Los países árabes de Oriente Medio y Norte de África importan aproximadamente el 60% de sus granos, confiando en dos rutas comerciales clave: el Estrecho de Hormuz y el Mar Rojo. Con el cierre reportado del Estrecho y la suspensión del tránsito por el Mar Rojo debido a la escalada del conflicto, los exportadores se ven cada vez más obligados a redirigir por el Cabo de Buena Esperanza. Esta desviación aumenta significativamente los tiempos de tránsito y reduce la disponibilidad efectiva de buques.
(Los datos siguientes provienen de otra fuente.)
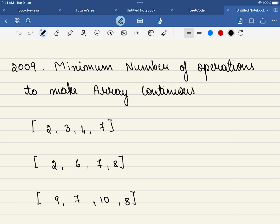Hello friends, welcome to CodeSutra. In this video, we will be solving LeetCode problem number 2009, minimum number of operations to make array continuous. Though this problem is classified as a hard level problem, I would rate this as a medium level problem. And at the end of the video, I have shared some similar problems that you can solve to understand the concept even better.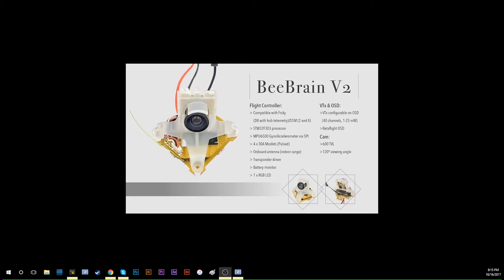Hello, this is Calvin. In this video, I'm going to show you how to refresh the firmware on the BeBrain V2.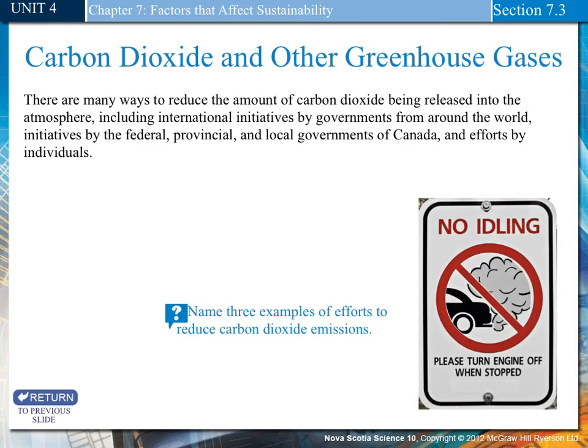There are many ways to reduce the amount of carbon dioxide being released into the atmosphere, including international initiatives by governments from around the world, initiatives by federal, provincial, and local governments, and efforts by individuals.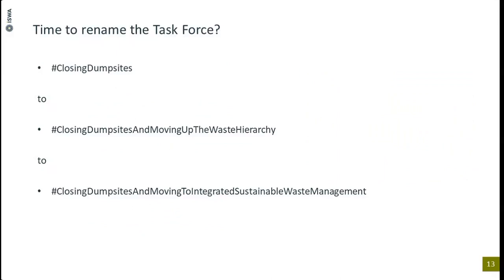When we tell people in the global south about our task force on closing dump sites, they ask: where will waste go after? Their default is sending waste to dump sites. A more accurate description of what we're trying to do would be 'closing dump sites and moving to an integrated sustainable waste management solution' — but that's cumbersome for social media. So for now it's hashtag 'closing dump sites,' but we welcome better ideas.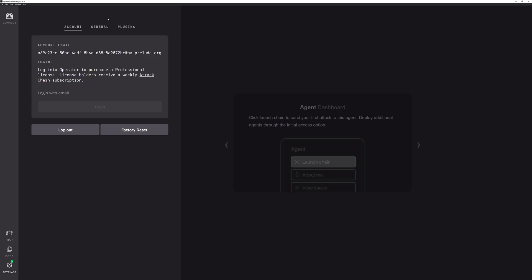The first thing you'll see is the Account Settings, which is logging into your Prelude account or into what we call Headquarters. If you are a community user, this is how you can keep up to date with your training modules. If you're a professional or enterprise level customer, this is how you get your enterprise and professional TTPs and plugins. You can also do a factory reset in here if you need to, if you had some outstanding TTPs or things like that you'd like to get rid of.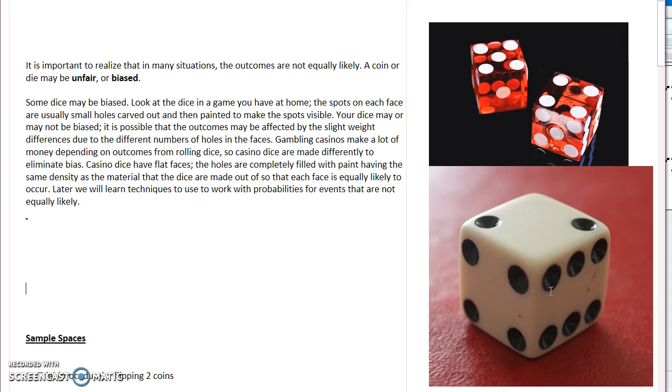We'll see that in the examples, but this probably might not be exactly one-sixth. It might be very close to it, but one side, typically the heavier side, will pull towards the bottom, leaving the lighter side exposed.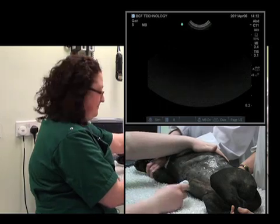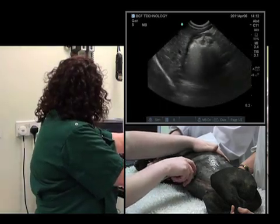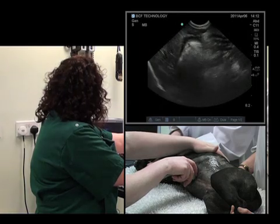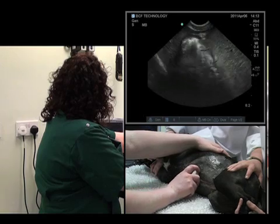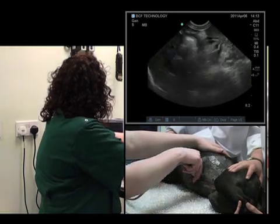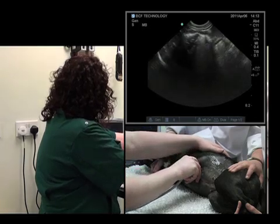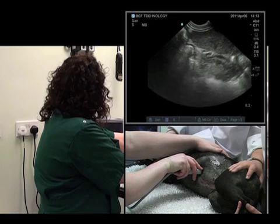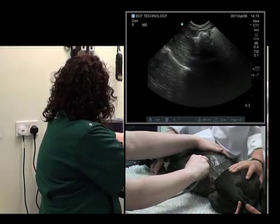We'll do that one more time — start at the level of the xiphoid sternum, just caudally to the liver, and we'll fan up and down through the pylorus, back to the middle, then rock caudally for the pylorus and cranially for the fundus.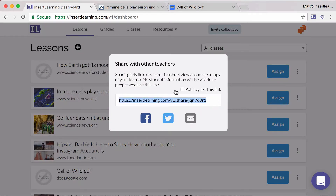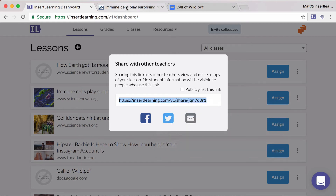Copying this link will give them a view-only copy. If you click this, it'll then go into our upcoming share library. You can also use one of these different tools to quickly share it on Facebook, Twitter, or send an email. So I'm just going to copy that URL.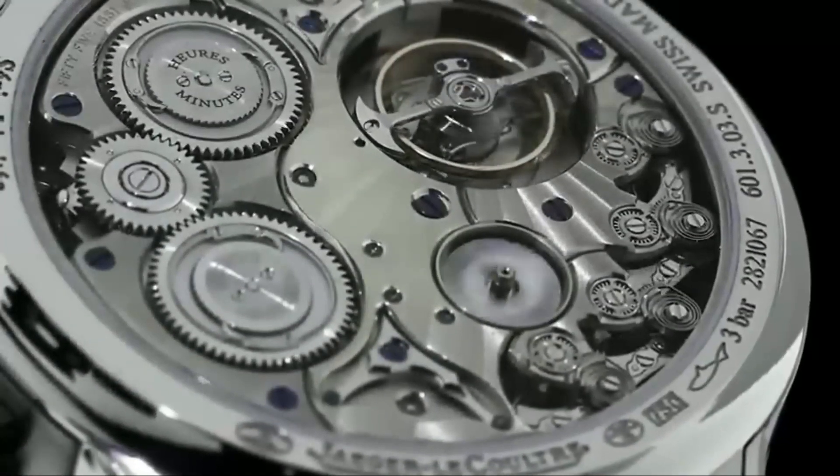Despite its impressive financial success, Jager-LeCoultre is not just about making money. The brand is committed to preserving the art of watchmaking and ensuring that the tradition continues for years to come.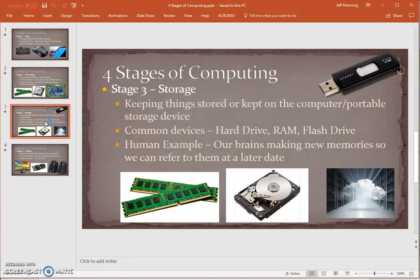The third stage is the storage stage, and there are actually two types of storage. There is long-term storage, which you ask the computer to remember for a really long time — probably forever until you delete it. There is also short-term storage, which is when we're asking the computer to do something but we don't really want it to remember it; it can forget about it after it's done its thing.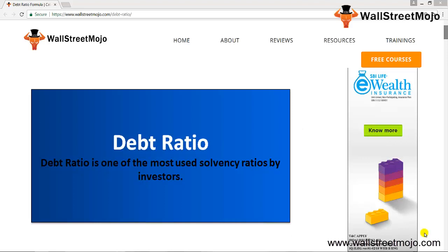Hello everyone, welcome to the channel of WallStreetMojo. Today we are going to discuss the tutorial of debt ratio. As you can see in this yellow box, debt ratio is one of the most used solvency ratios by investors. Let's directly jump on the debt ratio formula.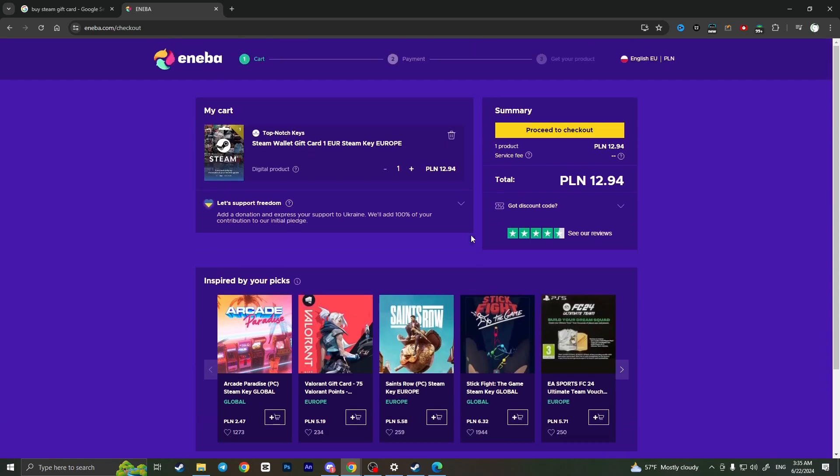And basically here I can choose my payment method and buy the card that I want to buy. That is how you can buy Steam gift card online. If you found this video useful, leave a like and subscribe to the channel. Thank you.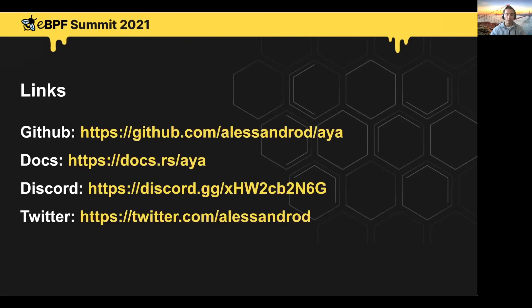If you're interested in what you saw or in AYA, it is developed on GitHub. The documentation is on DocsRS. We have a Discord channel where we discuss development. And if you want to reach out to me, you can find me on Twitter. Thank you for watching.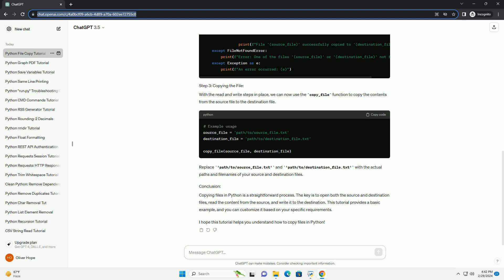Now that we have opened both the source and destination files, we can read the content from the source file and write it to the destination file.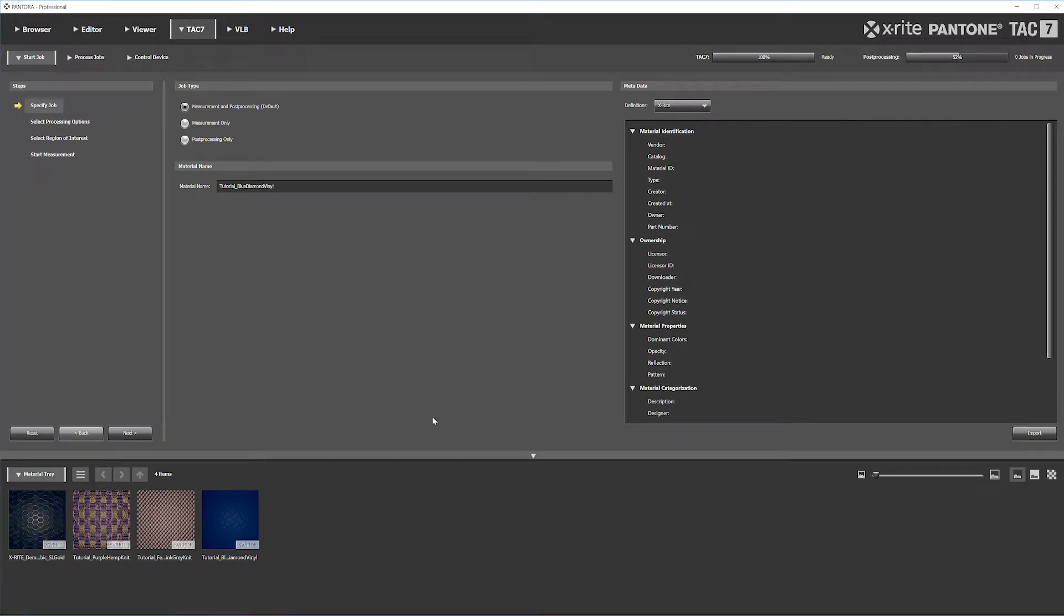Hello and welcome to another TAC tutorial series. In this video, we're going to talk about how to scan a material. Once you've loaded your material into the TAC-7 and we're ready to bring it into Pantora, these are the steps you'll need for a successful scan.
El Golfo sigue siendo un centro global clave para fertilizantes nitrogenados, suministrando entre el 40% y el 50% de los volúmenes comercializados internacionalmente, la mayoría transitando por el Estrecho de Hormuz. Trump dijo recientemente que la acción militar de EE. UU. contra Irán podría durar semanas o incluso más. Una interrupción prolongada reduciría significativamente la disponibilidad de fertilizantes en regiones altamente dependientes de importaciones como Brasil, India, el sur de Asia y partes de la UE. A corto plazo, sin embargo, los agricultores estadounidenses enfrentan la mayor exposición debido a la alta demanda estacional. El aumento en los precios del nitrógeno (urea, amoníaco, UAN) y fosfatos presionaría los márgenes agrícolas y podría reducir el potencial de rendimiento de cultivos intensivos en nitrógeno como el maíz y el trigo. La producción de maíz es algo menos vulnerable debido a su diversificación geográfica más amplia.
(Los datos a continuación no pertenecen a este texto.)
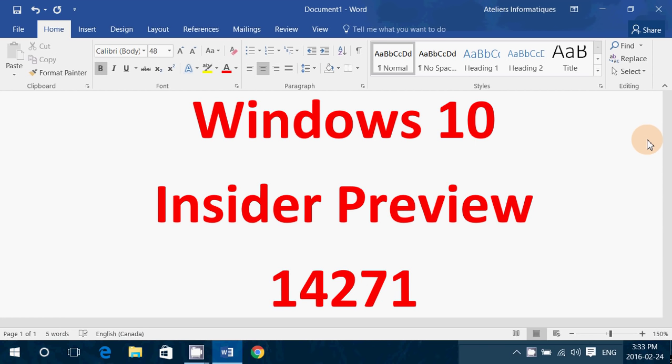You'll see something up here called Windows 10 Insider Preview build 14271, about a week after the release of the last one, even a little less.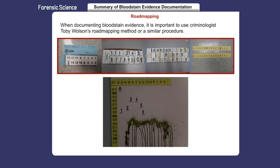Investigators must complete processing of the scene before roadmapping bloodstain patterns, because documenting bloodstain evidence can be an intrusive process that can destroy other evidence in the vicinity.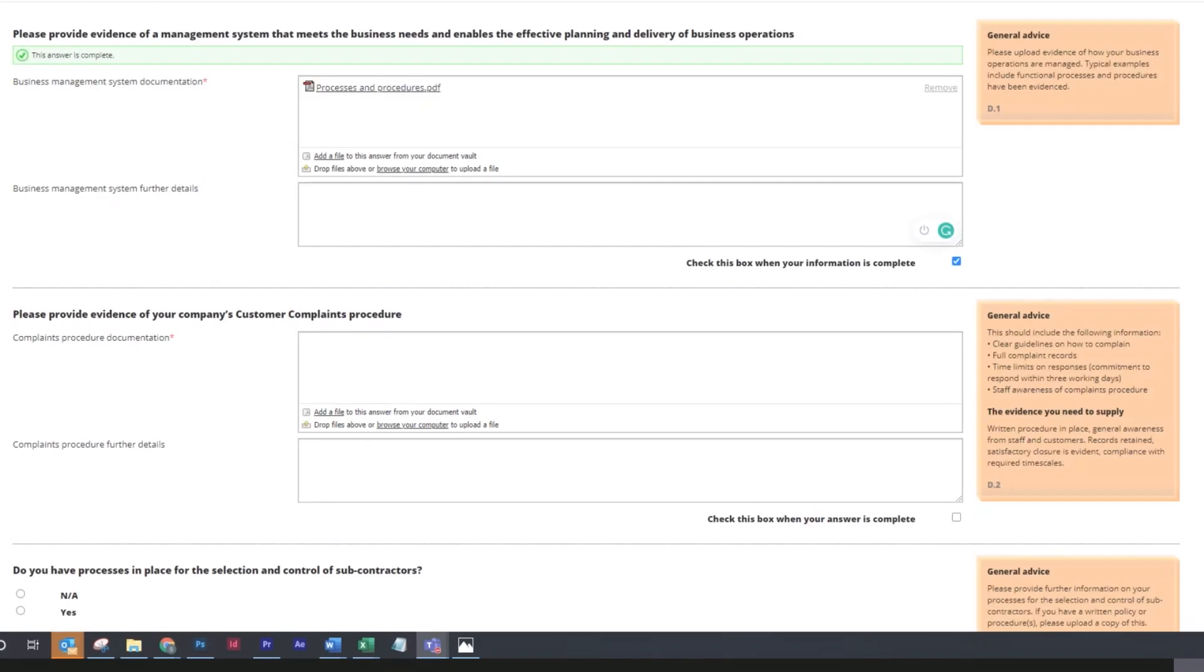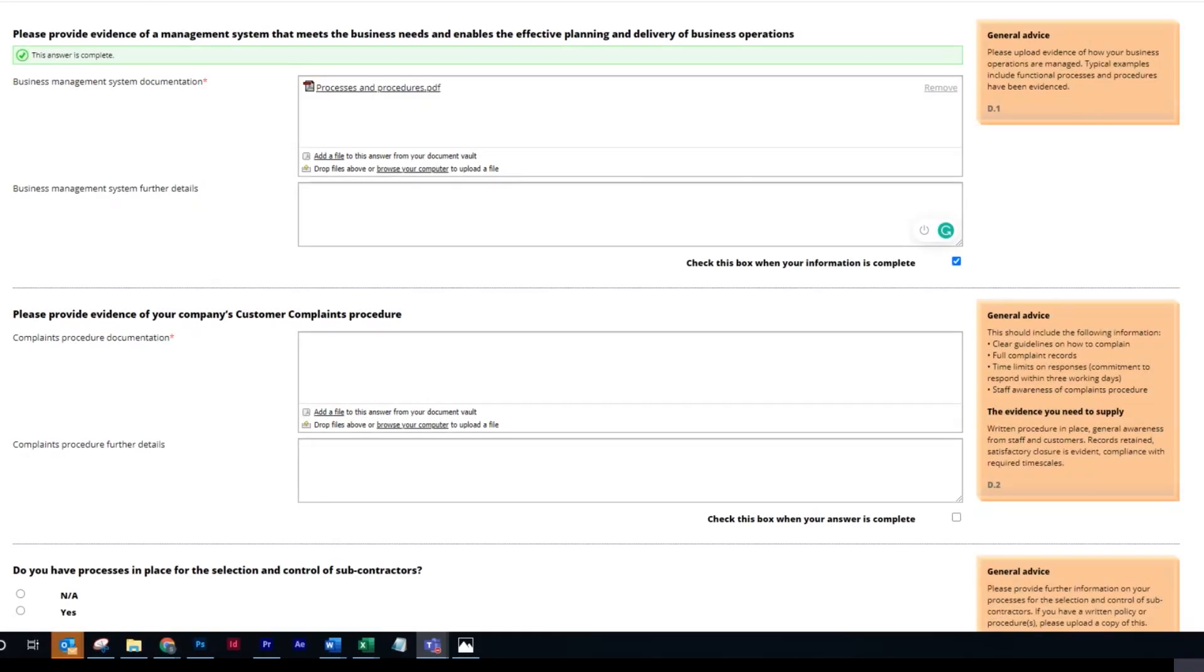In section D2, you need to provide evidence of your company's customer complaints procedure. This should include the following information: clear guidelines on how to complain.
Mientras tanto, la urea, un fertilizante nitrogenado clave, es suministrada en gran medida por Qatar, Irán, Arabia Saudita y los Emiratos Árabes Unidos, que en conjunto representan entre el 40% y el 50% de las exportaciones globales. Los cierres por conflicto y la reducción en la producción de GNL en Qatar—una fuente esencial de materia prima—ya han interrumpido alrededor del 11% de los envíos globales de urea. Estas restricciones agravan aún más la oferta mundial y podrían hacer que los compradores dependan más de China. Actualmente, China es el único productor importante capaz de cubrir déficits a corto plazo, ya que comienza la temporada de aplicación de fertilizantes.